SOURCE DATA:

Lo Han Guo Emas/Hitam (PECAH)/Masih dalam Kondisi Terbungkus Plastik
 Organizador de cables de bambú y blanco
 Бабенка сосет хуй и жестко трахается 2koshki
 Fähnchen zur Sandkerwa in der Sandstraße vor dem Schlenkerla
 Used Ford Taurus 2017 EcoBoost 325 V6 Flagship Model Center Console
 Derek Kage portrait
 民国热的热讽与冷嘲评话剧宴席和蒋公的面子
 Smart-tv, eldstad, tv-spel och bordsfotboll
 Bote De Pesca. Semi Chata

TASK BRIEF: Quote each line of the data above exactly as written.

SOLUTION TO THIS EXERCISE:
Lo Han Guo Emas/Hitam (PECAH)/Masih dalam Kondisi Terbungkus Plastik
 Organizador de cables de bambú y blanco
 Бабенка сосет хуй и жестко трахается 2koshki
 Fähnchen zur Sandkerwa in der Sandstraße vor dem Schlenkerla
 Used Ford Taurus 2017 EcoBoost 325 V6 Flagship Model Center Console
 Derek Kage portrait
 民国热的热讽与冷嘲评话剧宴席和蒋公的面子
 Smart-tv, eldstad, tv-spel och bordsfotboll
 Bote De Pesca. Semi Chata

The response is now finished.